Doğu Türkistan ve orada yaşayan Uygur Türkleri!

Duymuş muydunuz bu milleti? Belki lisedeki tarih derslerinden hatırlarsınız ama o kadar uzağa gitmenize gerek yok çünkü onlar halen varlar. Çin’de yaşayan, kendilerine ait bir bayrakları, dilleri ve gelenekleri olan bir millet daha doğrusu bayrağı elinden alınan, dili kullandırılmayan, gelenekleri yok edilmeye çalışılan bir millet.

Gelin hikâyeyi baştan anlatayım;

Birisiyle tanıştım Doğu Türkistanlı, Türkiye’ye aşık birisiyle. Tabi ilk tanıştığımda, Uygur Türkleri kimdir? Doğu Türkistan nerededir? Bilmiyorum bile, sohbet etmeye başladık. Meğerse arkadaşım bir savaşın içindeymiş, savaşının adı da ‘cihat’...

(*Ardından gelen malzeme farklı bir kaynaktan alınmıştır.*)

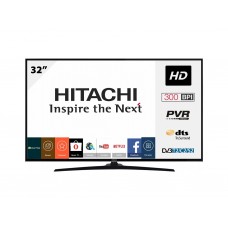 Телевизор Hitachi 32HE2000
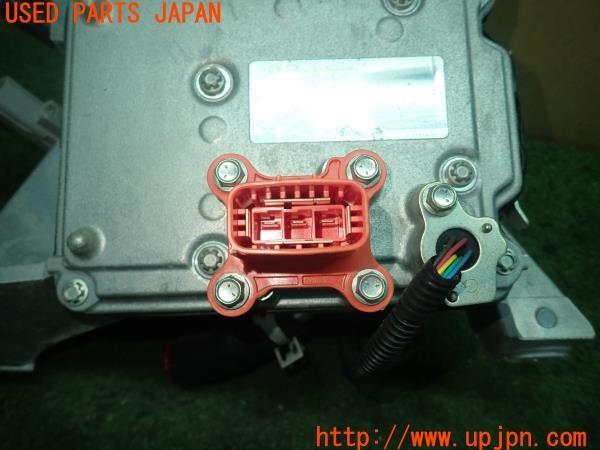 3UPJ=16270582]MIRAI(ミライ)(JPD10)FCウォーター&ハイドロジェンポンプインバーターASSY G9A80-62010 中古_m2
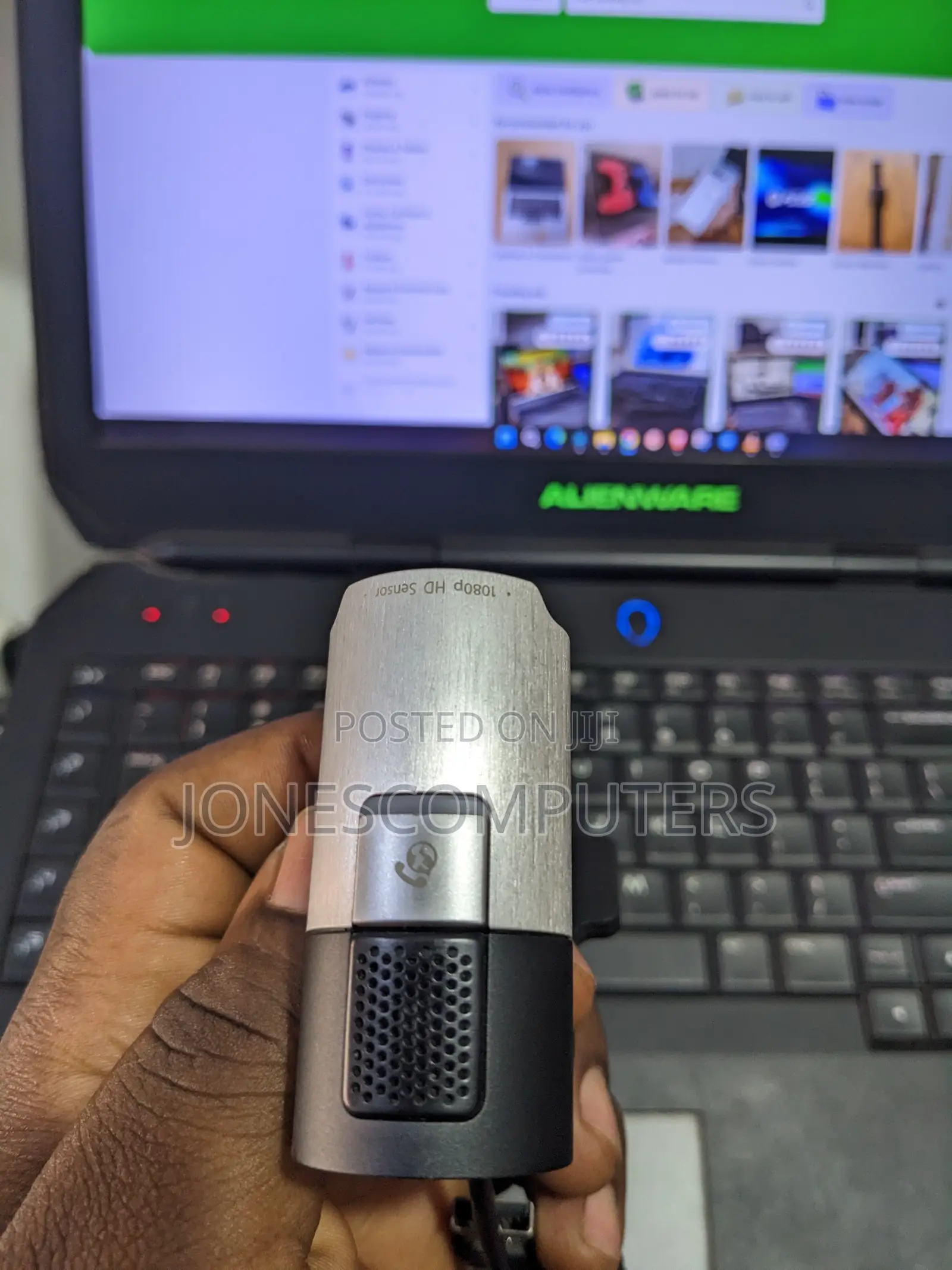 Microsoft LifeCam Studio 1425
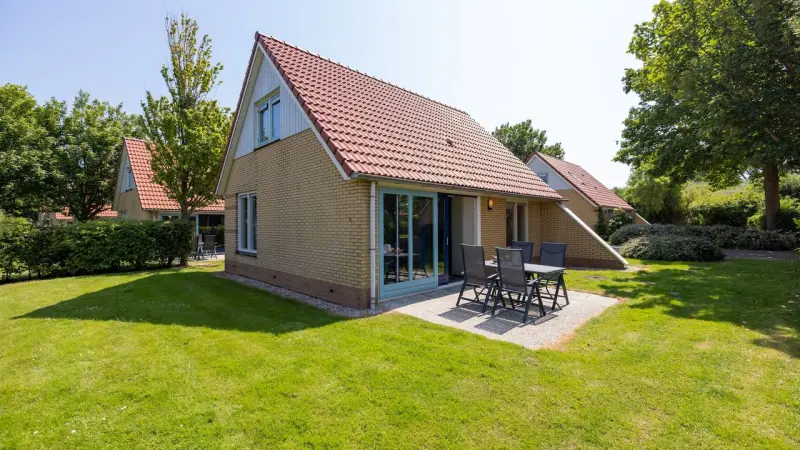 Ferienhaus Andijk
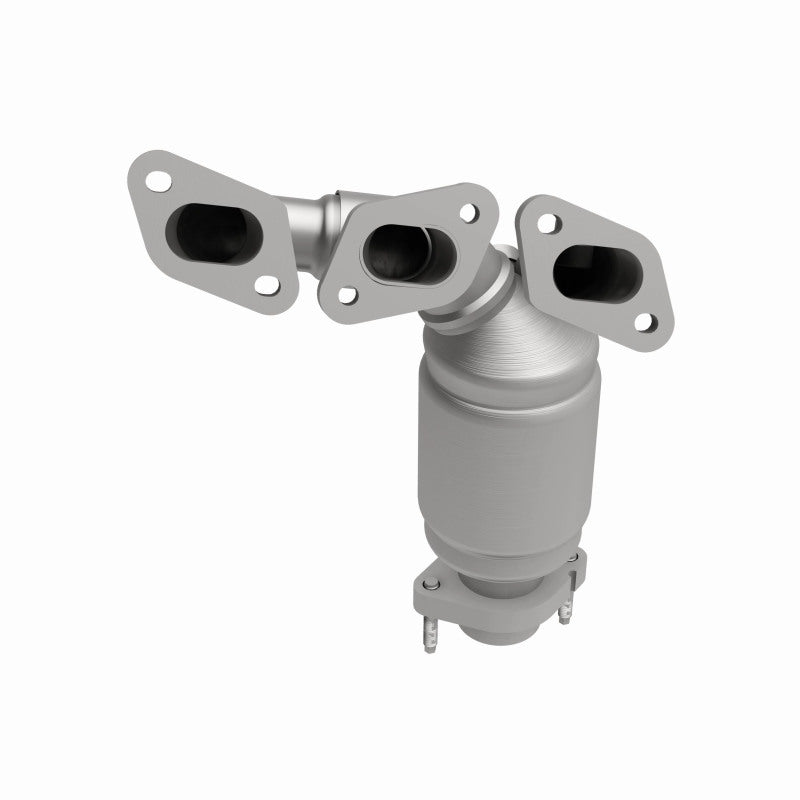 MagnaFlow Direct Fit Catalytic Converter Contour 2.5L Rear Manifold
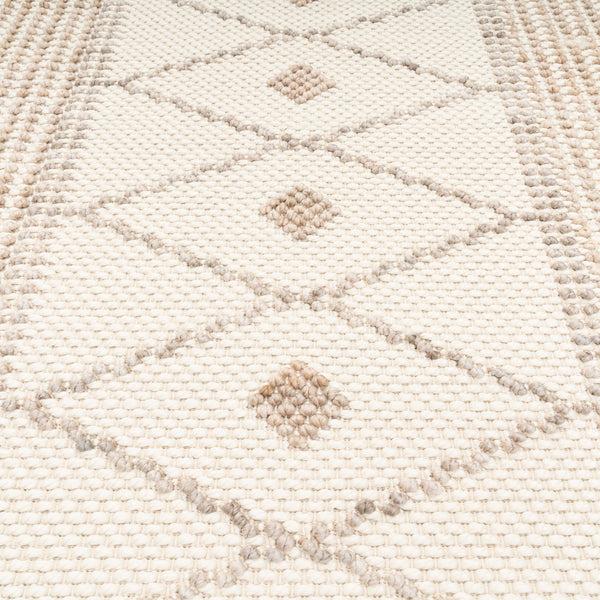 Paco Home BUCKMAN 466 CREAM Rugs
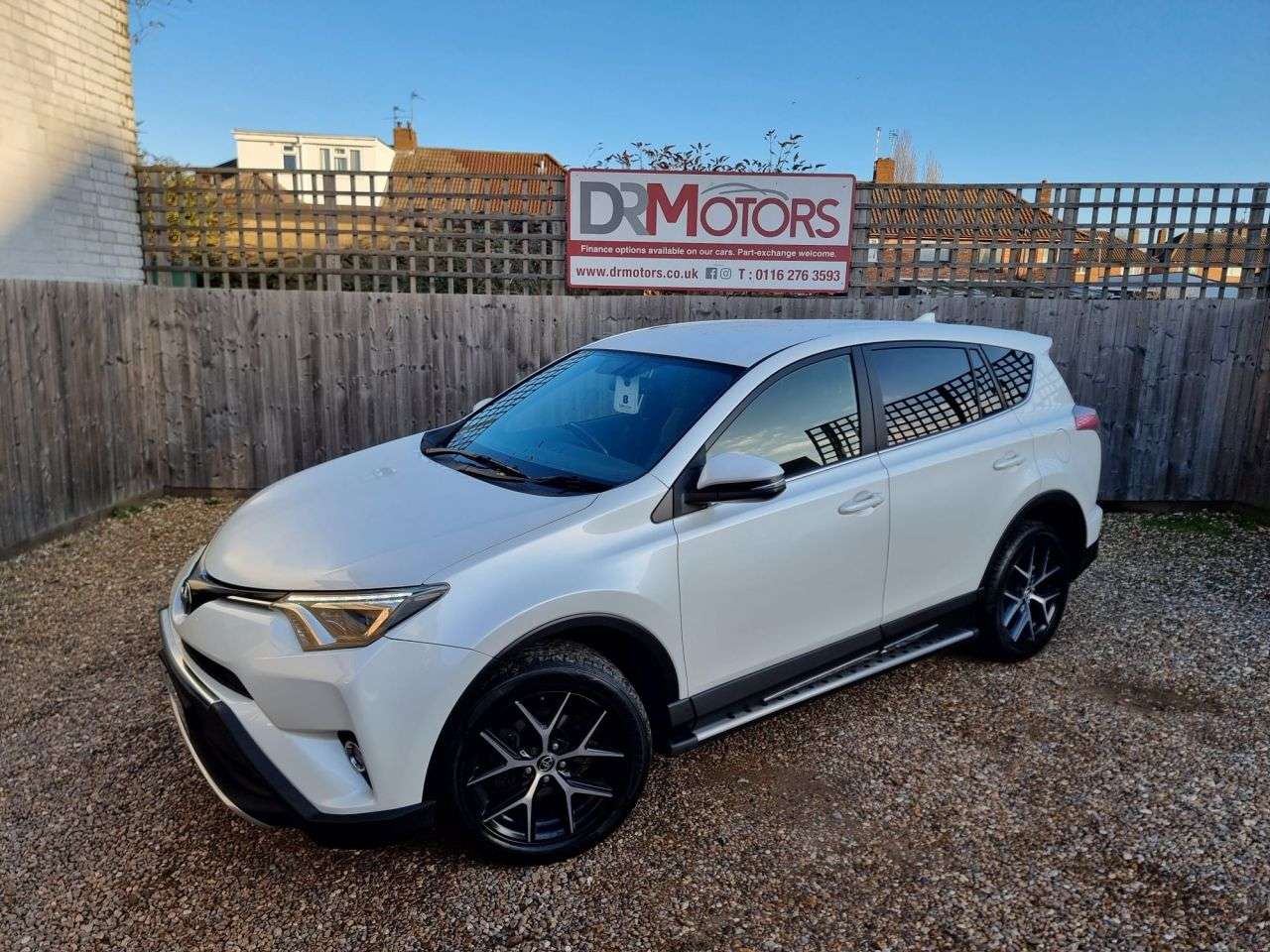 2016 TOYOTA RAV4 2016 TOYOTA RAV4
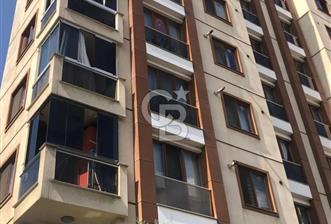 Pendik Bahçelievler'de nezih sitede 3+1 çok bakımlı 90 m² daire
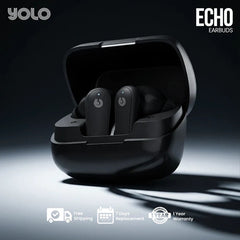YOLO YOPOD ECHO EARBUDS Mr Gadget Official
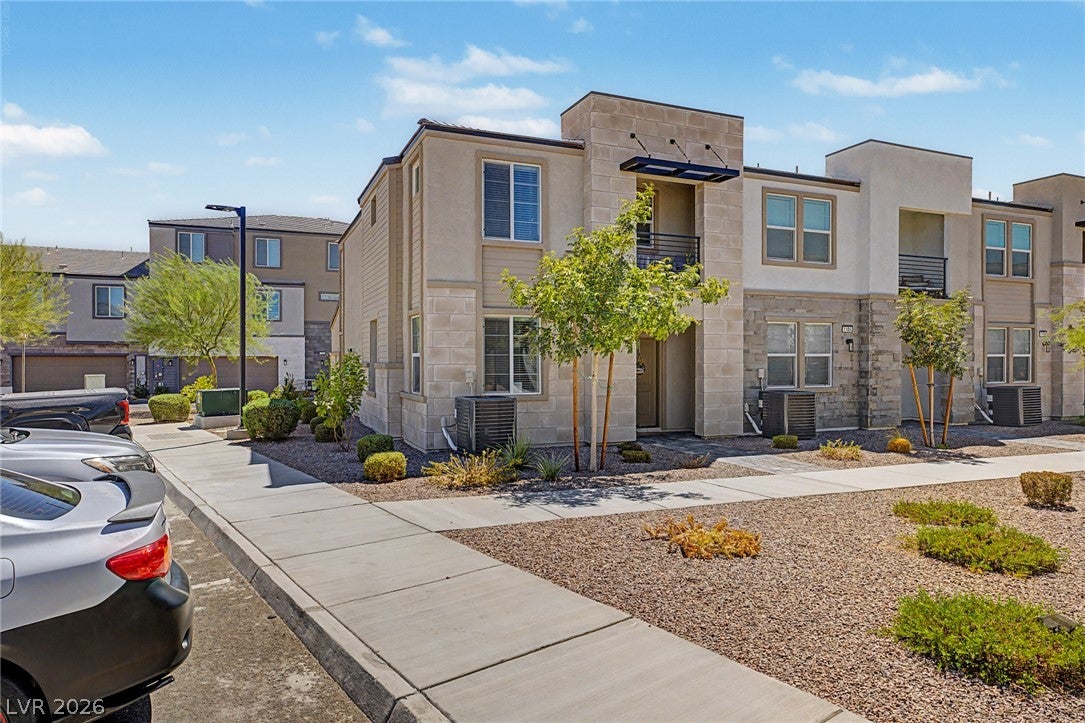 1101 Ammonite Ave, Henderson, NV 89011 photo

Doğu Türkistan, Çin sınırları içerisinde bir yer ve bu milletin büyük bir kesimi müslüman, arkadaşım tesettürlü bir şekilde eğitimine devam edebilmek için Türkiye’ye gelmiş çünkü orada tesettür özgürlüğü yok bir çok özgürlüğün olmadığı gibi .Uygur Türkleri yıllardır cihat savaşı içindeler; camileri yıkılmış,isimleri değiştirilmiş,kapalı kadınların zorla başlarını açtırılmış,helal marketler kapatılmış,eğitimde kendi tarihleri işlenmemiş.. tam bir asimile baskısı... bir de kamp adı altındaki hapishaneleri var; Uygur milleti için adeta bir soykırım politikası, Çin hükümetine itaat etmeyen kendi özünü koruyan tüm Uygur erkekleri kamplara alınıyor ve hem fiziksel hem de psikolojik şiddet görüyorlar.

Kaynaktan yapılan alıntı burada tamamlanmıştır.